The authorities were being kept informed of the situation on the diggings by ‘spies’ placed amongst the diggers. Constable Henry Goodenough, an agent provocateur had urged diggers to attack the Camp and informed Rede about a proposed 4.00 am attack on 1 December. Only a few diggers assembled at Bakery Hill, but soon dispersed when they heard that some of the Camp forces had turned out to confront them. Yet, the suspicious movements of diggers kept the Camp in a state of constant alert and troops were sent out again at 11.00 am to clear the streets and hotels at the back of the Camp and two diggers were arrested, one of whom was armed. Rede believed that the Camp was in danger and urged Hotham to send more reinforcements, including artillery. As a result, Major-General Sir Robert Nickle left Melbourne for Ballarat on Friday 1 December with a force of 800 men and 4 artillery pieces.
 
When the Council at Eureka, now the governing body for the rebels, heard that the military had mobilised, an attack on the Stockade was expected. As a result, further fortifications were constructed and positions manned but within two hours things had settled down. Carboni made the point that the diggers’ lack of weapons was clear evidence that no revolution was intended and that they had ‘taken up arms solely in self-defence’. [3] Although the making of weapons as primitive as pikes suggests that there was a shortage of arms at Eureka, contrary to Carboni’s assertions the defenders lacked neither firearms nor ammunition. [4] Ballarat had become a more settled community and this meant there was less need for diggers to carry weapons but this did not mean they were without revolvers, rifles and especially shotguns. What the rebels lacked were weapons for close quarter fighting; few had bayonets and this meant that once a musket had been fired at advancing troops, unless it could be quickly reloaded, its use was limited to being a club. The use made of pikes, far from being a consequence of shortages of other weapons, proved effective against mounted troops especially when used in a coordinated way and could also be used against soldiers with bayonets to prevent them closing with the rebels.

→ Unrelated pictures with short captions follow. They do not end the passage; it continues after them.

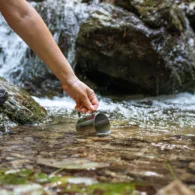 Eine Person in Wanderschuhen schöpft mit einem Trinkbecher Wasser direkt ab der Quelle eines Bergbachs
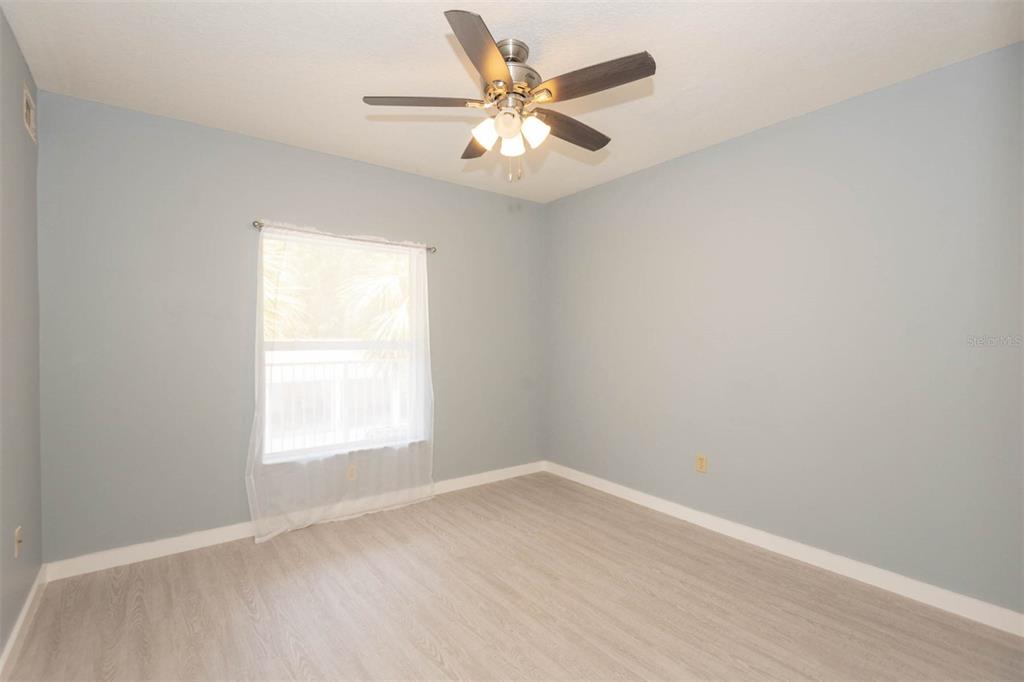 946 15th Street, Unit 202 Daytona Beach, FL 32117 - Photo 27 of 40 an empty room with a window and a fan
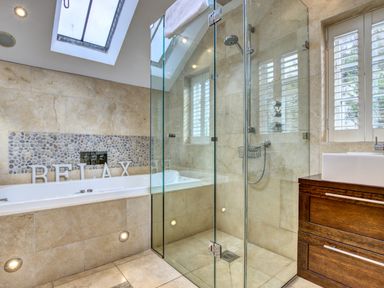 A bathroom with a tiled bathtub a glass shower enclosure a wooden vanity and a skylight at Crab Cottage in Sandsend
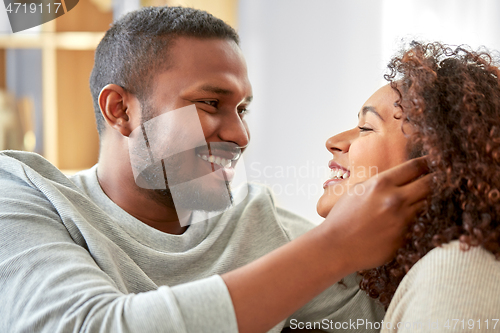 Image of happy african american couple at home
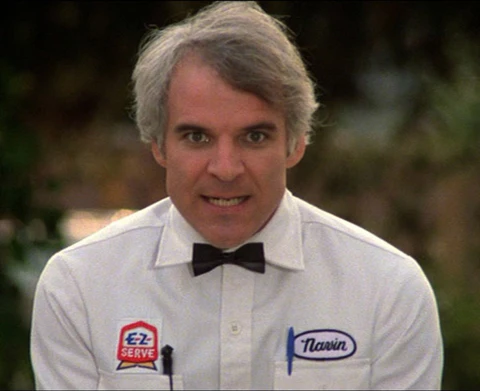 A man wearing a white shirt with a black bow tie and two patches on the left side of his chest, smiling at the camera.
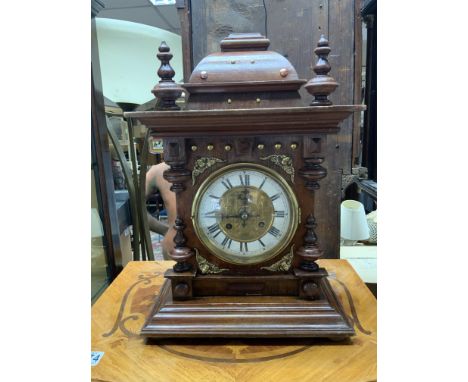 A vintage mantle clock with pressed dial. (D)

The problem with pikes is that, unless supported by rebels with firearms they could not keep firearm-equipped soldiers at bay for long, as proved the case during the assault. The contrast generally made between military organisation of the Camp and with what is seen as the amateurish nature of preparations in the Stockade needs to be reassessed.
 
There was a problem with criminality as Carboni highlighted:
 
…a similar gang, four strong, had entered the store of D. O’Conner, on the Golden Point...but the vagabonds did not care so much for the ammunition for their guns, as for the stuff for their guts, what tempted them most was fine good Yorkshire hams, and coffee to wash it down. In short they ransacked the whole store[5]
 
The diggings were in turmoil as roaming bands of diggers raided stores commandeering guns, ammunition and food supplies and horses for the use of the ‘diggers under arms’, shops closed and mining ceased. Evans commented:
 
Bodies of armed men visited the stores demanding arms -I was in the Rifle Gallery when two men appointed by the main body came for their rifles & guns. It was useless to resist so they gave up at once what they had in the gallery -The rest they had previously sent to the township. Soon afterwards 7 or 8 others armed with swords guns & revolvers came in & made a second demand, and would not believe that they had been given up already -[6]
 
Lalor made some attempt to combat lawlessness and picquets were sent out to prevent the seizures being made a cover for robbery.
 
Early on 1 December, Black and Kennedy rode the nine miles to Creswick’s Creek to persuade its miners to sever ties with the English but their endeavours were rejected by the majority as a call to take up arms against the Victorian Government. The Argus reported that ‘great intimidation’ was used by those under arms and that ‘every one of them that did not come out and fight would be marked and would sure to gain nothing in the end.’ [7] Kennedy assured the crowd that Ballarat was ready to revolt and weapons, food and accommodation were available. The diggers at Eureka needed to know whether they had support on the other fields but what they did not need was a contingent of unarmed and exhausted diggers. Although several hundred miners left Creswick in heavy rain, by 4.30 pm, only 150 men arrived from Creswick making a colourful spectacle as a band played the ‘Marseillaise’ but feeding, arming and housing them put an enormous strain on the limited resources of the Stockaders. Most were soon disillusioned by what they saw at the Stockade and returned home. This was, however, the extent of physical support from outside Ballarat. The following day, 600 people at Bendigo heard Henry Holyoake report on the situation in Ballarat but even though the diggers did not support the Ballarat militants and reaffirmed their policy of peaceful constitutional change, they agreed not to pay the license fee and to wear red ribbons as a sign of support. On 2 December, the Ballarat correspondent of the Argus wrote:
 
We are standing here on the brink of a great event. What the next forty eight hours will bring forth, I feel, will form a page in the future history of Victoria…The tranquillity of this day has been absolutely agonising. I am now writing amidst the reports and flashes of a thousand stands of arms. Everyone is excited and confused. I wish the crisis were over; the suspense is fearful.[8]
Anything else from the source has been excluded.